WHAT YOU HAVE TO DO: Your answer must be a word-for-word copy of the listing below, minus its pictures.

DATA:

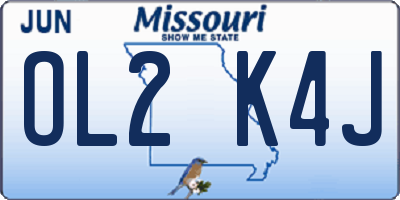 MO license plate OL2K4J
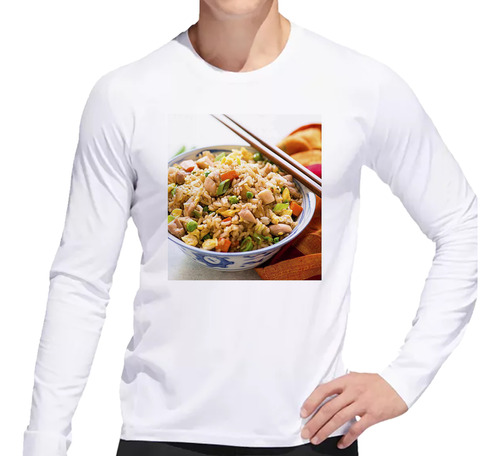 Remera Hombre Ml Arroz Chino Gastronomia Asia Plato Cheff P2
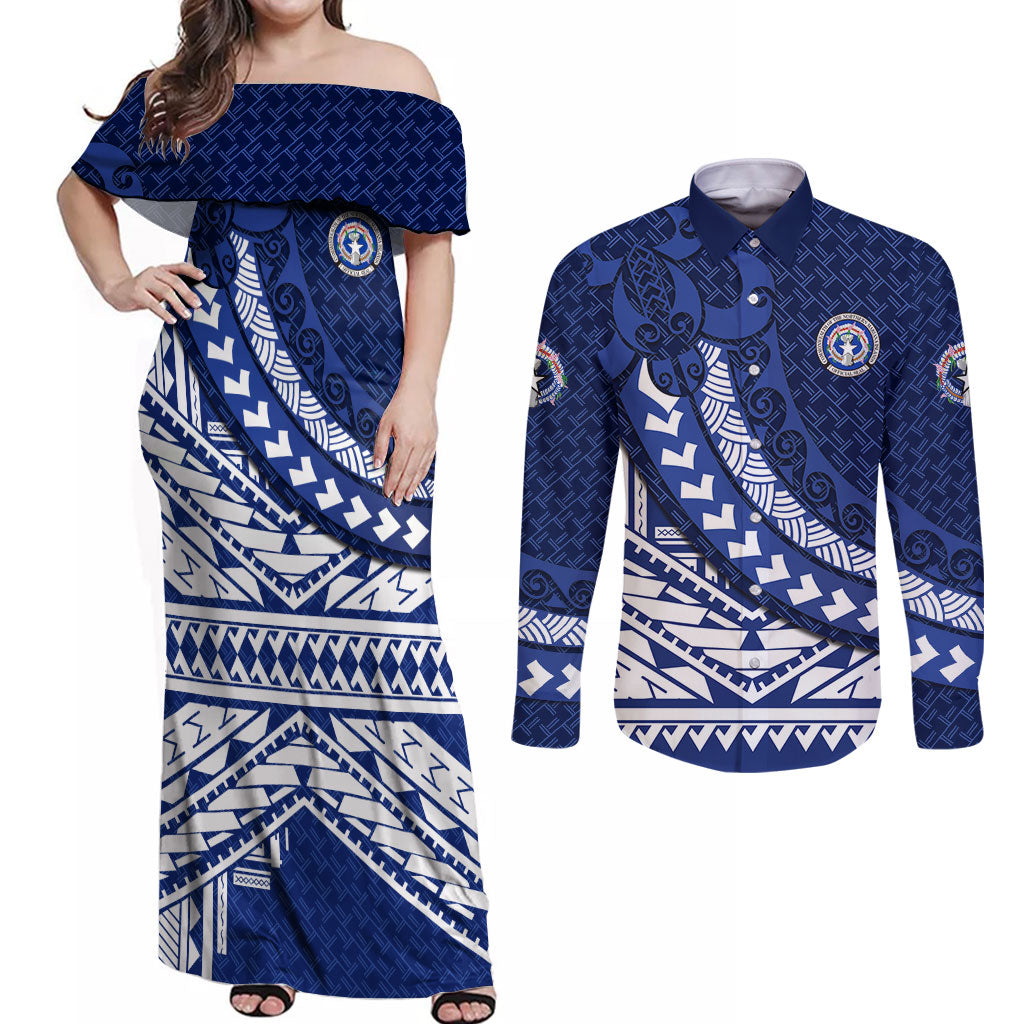 Northern Mariana Islands Saipan Couples Matching Off Shoulder Maxi Dress and Long Sleeve Button Shirt Polynesian Tribal Pattern - Commonwealth Seal Art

SOLVED EXERCISE:
 MO license plate OL2K4J
 Remera Hombre Ml Arroz Chino Gastronomia Asia Plato Cheff P2
 Northern Mariana Islands Saipan Couples Matching Off Shoulder Maxi Dress and Long Sleeve Button Shirt Polynesian Tribal Pattern - Commonwealth Seal Art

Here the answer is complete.